* _Provided records_
* * *

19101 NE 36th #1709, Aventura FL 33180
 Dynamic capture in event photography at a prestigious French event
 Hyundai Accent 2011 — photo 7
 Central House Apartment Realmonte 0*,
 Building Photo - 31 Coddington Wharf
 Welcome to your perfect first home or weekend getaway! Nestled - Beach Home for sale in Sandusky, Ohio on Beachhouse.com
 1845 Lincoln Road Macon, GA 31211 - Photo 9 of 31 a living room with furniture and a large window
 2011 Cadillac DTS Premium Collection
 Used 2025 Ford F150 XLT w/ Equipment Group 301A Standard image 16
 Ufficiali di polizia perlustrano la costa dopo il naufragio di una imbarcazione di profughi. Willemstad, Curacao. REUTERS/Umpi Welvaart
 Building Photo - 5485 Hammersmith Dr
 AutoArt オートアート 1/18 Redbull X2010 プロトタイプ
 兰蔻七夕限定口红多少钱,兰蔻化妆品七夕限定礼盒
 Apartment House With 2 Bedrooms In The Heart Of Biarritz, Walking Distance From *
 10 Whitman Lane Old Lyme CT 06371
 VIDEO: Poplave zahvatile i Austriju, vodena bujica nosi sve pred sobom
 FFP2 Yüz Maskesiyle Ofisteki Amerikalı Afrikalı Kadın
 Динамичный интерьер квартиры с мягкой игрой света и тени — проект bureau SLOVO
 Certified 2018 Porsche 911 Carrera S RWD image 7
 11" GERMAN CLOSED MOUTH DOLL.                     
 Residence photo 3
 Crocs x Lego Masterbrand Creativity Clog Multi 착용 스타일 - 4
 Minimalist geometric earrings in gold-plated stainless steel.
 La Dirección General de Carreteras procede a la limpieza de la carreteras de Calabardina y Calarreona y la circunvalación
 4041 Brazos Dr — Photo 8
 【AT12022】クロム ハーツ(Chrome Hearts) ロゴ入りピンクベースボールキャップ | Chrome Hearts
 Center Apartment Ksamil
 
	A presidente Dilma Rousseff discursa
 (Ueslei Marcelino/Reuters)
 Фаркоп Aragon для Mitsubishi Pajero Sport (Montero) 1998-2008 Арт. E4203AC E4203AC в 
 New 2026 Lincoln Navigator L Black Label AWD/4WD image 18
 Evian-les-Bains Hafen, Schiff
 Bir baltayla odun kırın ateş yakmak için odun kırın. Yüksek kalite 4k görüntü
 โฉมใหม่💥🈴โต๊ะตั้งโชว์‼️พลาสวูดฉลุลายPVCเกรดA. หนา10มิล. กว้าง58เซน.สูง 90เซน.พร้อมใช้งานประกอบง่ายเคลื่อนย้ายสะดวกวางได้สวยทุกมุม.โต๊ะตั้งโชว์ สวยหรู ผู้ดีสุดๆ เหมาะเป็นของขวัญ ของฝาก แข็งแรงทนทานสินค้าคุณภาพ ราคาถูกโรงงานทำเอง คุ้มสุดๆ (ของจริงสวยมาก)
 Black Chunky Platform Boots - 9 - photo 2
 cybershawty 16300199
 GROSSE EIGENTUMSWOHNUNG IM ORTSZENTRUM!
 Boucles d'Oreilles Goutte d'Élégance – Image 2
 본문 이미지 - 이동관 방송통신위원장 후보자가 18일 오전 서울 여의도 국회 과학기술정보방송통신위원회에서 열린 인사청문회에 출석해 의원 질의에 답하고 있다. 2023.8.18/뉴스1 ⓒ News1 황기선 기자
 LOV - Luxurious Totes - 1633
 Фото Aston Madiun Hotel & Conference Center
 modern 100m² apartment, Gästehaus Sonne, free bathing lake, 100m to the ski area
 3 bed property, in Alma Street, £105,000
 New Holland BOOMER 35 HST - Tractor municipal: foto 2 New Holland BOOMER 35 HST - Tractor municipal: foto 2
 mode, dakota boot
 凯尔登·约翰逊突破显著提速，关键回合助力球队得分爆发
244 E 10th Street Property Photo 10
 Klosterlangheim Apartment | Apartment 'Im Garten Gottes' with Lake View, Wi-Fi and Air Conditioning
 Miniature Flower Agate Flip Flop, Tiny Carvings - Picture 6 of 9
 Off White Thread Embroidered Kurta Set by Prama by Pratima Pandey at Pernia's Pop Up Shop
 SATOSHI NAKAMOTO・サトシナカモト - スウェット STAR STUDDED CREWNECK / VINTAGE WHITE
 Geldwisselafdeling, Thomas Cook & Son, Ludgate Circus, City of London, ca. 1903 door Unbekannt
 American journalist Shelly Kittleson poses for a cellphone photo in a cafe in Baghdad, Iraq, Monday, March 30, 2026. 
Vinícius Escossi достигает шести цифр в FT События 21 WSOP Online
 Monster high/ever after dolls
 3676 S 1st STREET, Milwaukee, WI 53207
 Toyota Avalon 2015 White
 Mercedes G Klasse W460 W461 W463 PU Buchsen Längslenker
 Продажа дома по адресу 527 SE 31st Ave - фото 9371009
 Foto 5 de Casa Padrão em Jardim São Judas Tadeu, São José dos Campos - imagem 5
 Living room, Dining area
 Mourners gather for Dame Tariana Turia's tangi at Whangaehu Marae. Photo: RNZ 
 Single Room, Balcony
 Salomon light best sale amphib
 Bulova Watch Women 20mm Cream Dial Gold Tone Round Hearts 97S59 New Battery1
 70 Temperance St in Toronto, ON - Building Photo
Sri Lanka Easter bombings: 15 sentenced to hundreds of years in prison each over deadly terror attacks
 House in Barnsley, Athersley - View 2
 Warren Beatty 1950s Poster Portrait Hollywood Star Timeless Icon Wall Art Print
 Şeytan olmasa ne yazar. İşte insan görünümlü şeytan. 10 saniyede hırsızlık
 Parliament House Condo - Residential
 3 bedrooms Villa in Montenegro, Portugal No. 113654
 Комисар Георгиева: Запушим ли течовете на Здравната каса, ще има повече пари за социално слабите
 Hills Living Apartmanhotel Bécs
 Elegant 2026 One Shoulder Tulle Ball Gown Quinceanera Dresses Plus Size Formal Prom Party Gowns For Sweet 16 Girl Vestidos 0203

* * *

* _Directions_
Please copy, word for word, every line from the first line of the records through the line containing "Ufficiali di polizia", with both of those lines included and nothing else.

* _Result below_
19101 NE 36th #1709, Aventura FL 33180
 Dynamic capture in event photography at a prestigious French event
 Hyundai Accent 2011 — photo 7
 Central House Apartment Realmonte 0*,
 Building Photo - 31 Coddington Wharf
 Welcome to your perfect first home or weekend getaway! Nestled - Beach Home for sale in Sandusky, Ohio on Beachhouse.com
 1845 Lincoln Road Macon, GA 31211 - Photo 9 of 31 a living room with furniture and a large window
 2011 Cadillac DTS Premium Collection
 Used 2025 Ford F150 XLT w/ Equipment Group 301A Standard image 16
 Ufficiali di polizia perlustrano la costa dopo il naufragio di una imbarcazione di profughi. Willemstad, Curacao. REUTERS/Umpi Welvaart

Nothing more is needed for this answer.